No ensaio do show ‘Carioca’, que estréia no dia 4 no Canecão, em Botafogo, zona sul do Rio, questionado pela Folha, Chico comentou a frase do presidente Luiz Inácio Lula da Silva: ‘Se você conhecer uma pessoa muito idosa esquerdista, é porque ela tem problemas; se você conhecer uma pessoa muito nova de direita, é porque também tem problemas’.
‘Isso é uma bobagem. Como bobagem não precisa ser levada tão a sério. Esse assunto não rende mais não. Essa conversa é muito antiga de incendiário e bombeiro. Essa é uma conversa de direita sem dúvida. Eu não mudei porque tenho cabelos brancos. Não sei se botox é de direita ou de esquerda’, disse o cantor e compositor.

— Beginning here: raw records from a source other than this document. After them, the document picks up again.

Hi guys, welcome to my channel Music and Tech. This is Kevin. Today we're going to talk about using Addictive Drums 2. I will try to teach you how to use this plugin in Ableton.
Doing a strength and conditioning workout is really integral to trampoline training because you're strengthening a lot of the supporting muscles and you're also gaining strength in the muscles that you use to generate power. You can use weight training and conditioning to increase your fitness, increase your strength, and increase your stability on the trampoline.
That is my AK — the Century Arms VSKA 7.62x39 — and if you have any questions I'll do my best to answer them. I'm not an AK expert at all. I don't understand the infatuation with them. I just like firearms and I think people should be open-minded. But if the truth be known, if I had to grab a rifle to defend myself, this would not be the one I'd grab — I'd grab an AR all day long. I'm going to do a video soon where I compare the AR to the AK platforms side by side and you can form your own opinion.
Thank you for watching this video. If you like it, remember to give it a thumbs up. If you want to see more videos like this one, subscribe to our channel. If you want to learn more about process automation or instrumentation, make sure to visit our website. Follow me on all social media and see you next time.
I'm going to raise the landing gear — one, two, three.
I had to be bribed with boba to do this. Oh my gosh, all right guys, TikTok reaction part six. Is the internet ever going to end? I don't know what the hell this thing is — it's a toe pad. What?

Ainda se acha de esquerda, Chico? ‘Acho que sim’, respondeu seco.
No dia seguinte ao ataque de traficantes que causou 18 mortes, deixou 23 feridos e provocou a destruição de dezenas de ônibus, carros e prédios públicos, Chico se mostrou tranqüilo. ‘Pessoalmente não me sinto mais inseguro, porque na verdade era de se esperar. Quando aconteceu em São Paulo, as pessoas mais atentas perguntavam quando aconteceria no Rio. Não é nenhuma surpresa para mim.’
Disse que não é alarmista nem estava disposto a viver a ‘paranóia’ da insegurança. ‘Todas as grandes cidades pioraram. Não sou saudosista. Não tenho saudades do Rio. Tenho boas lembranças. Não tenho saudades de mim. Tenho boas lembranças. Hoje é uma cidade mais violenta, mais deteriorada.’

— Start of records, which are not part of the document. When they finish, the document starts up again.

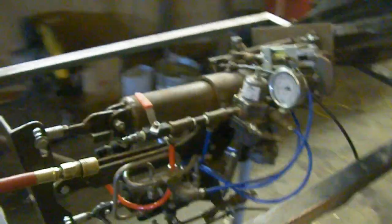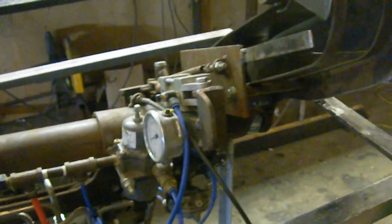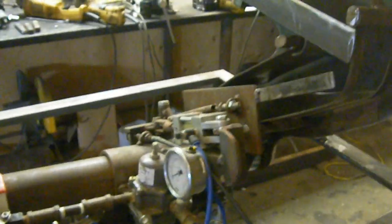So there's my automatic pneumatic controlled can crusher with the new magazine. That was about 30 cans, one jam — it's about average. All right, thanks for watching.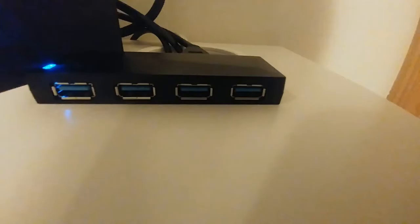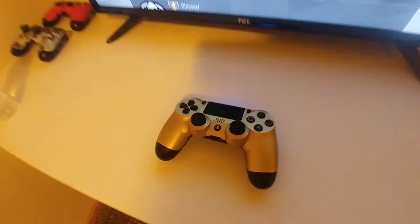I also went out and picked up this little USB hub thing where it just plugs into the PS4, takes up one plug-in, and then you can plug in up to four things. I got it literally for $3 at Walmart.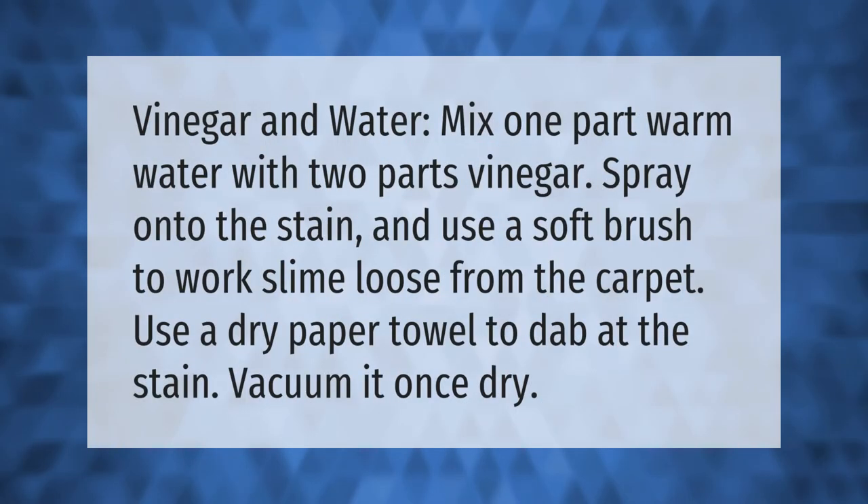For a vinegar and water method, mix one part warm water with two parts vinegar. Spray onto the stain and use a soft brush to work the slime loose from the carpet. Use a dry paper towel to dab at the stain, then vacuum it once dry.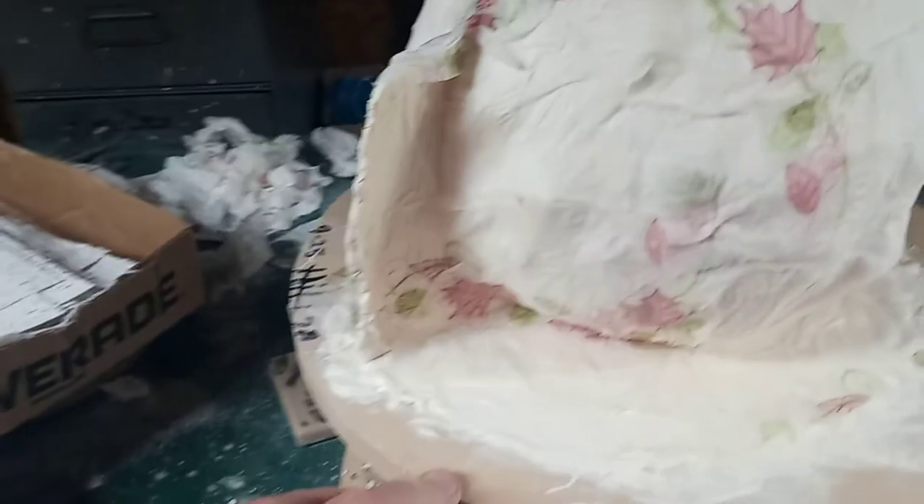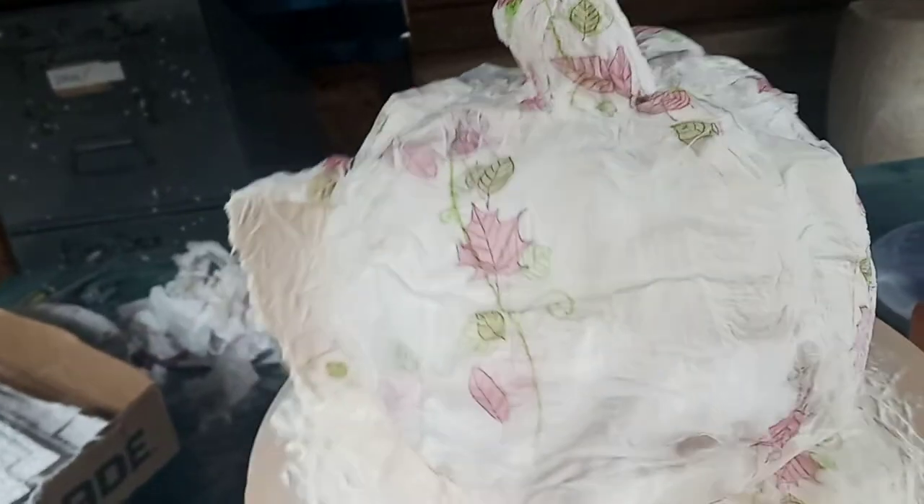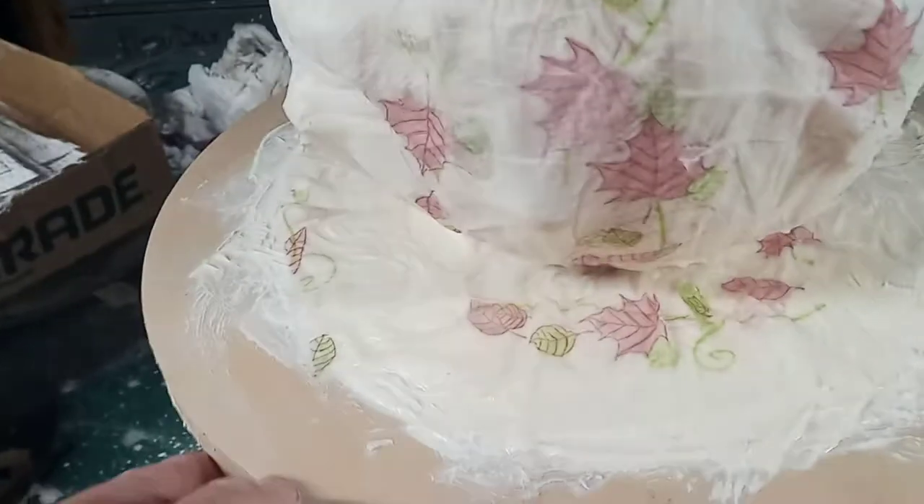Here I have paper towel and the pumpkin. Put a piece of paper towel down, squirt it with a water bottle, put another piece down, squirt it with the water bottle, then dab it with a brush. There are my brushes — get them in.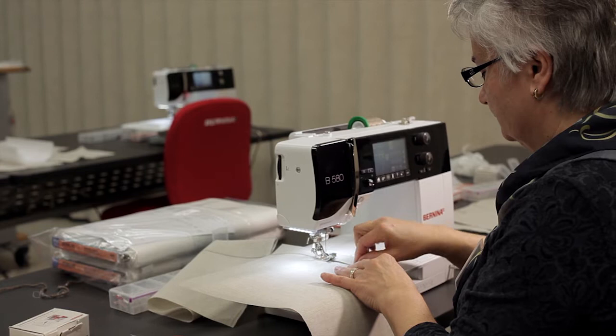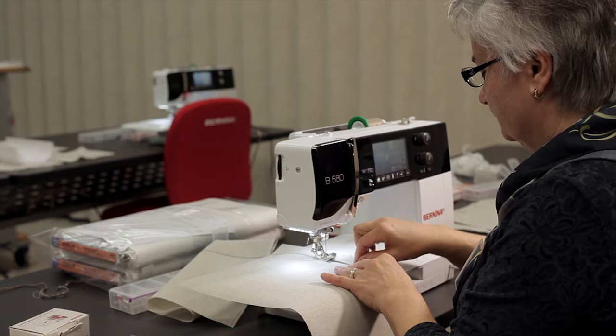Bernina means that I can relax and enjoy what I'm doing when I make my fused art quilts. I can go right to the making, the stitching of the quilt. I don't have to worry about the quality of the stitch because it's there for me already. It's ready to go, and I just like it because it gives you that ease, that comfort of knowing that you're going to have a high quality product in the end.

O compositor criticou também a violência de classe média. ‘O sujeito aqui corre risco de ser atropelado mesmo na faixa da segurança. Ficam falando em violência e violência, mas é violência também quem dirige um carro e avança o sinal. Outro dia estava lá andando, atravessando na faixa, o sinal aberto para mim, o cara quase me atropela. Podia ter quebrado a perna ou ter morrido. E o cara tinha um adesivo: ‘Basta!’ Basta de violência. Violência também é isso’, disse em referência à campanha de organização não-governamental liderada por grupos de classe média que pede mais segurança.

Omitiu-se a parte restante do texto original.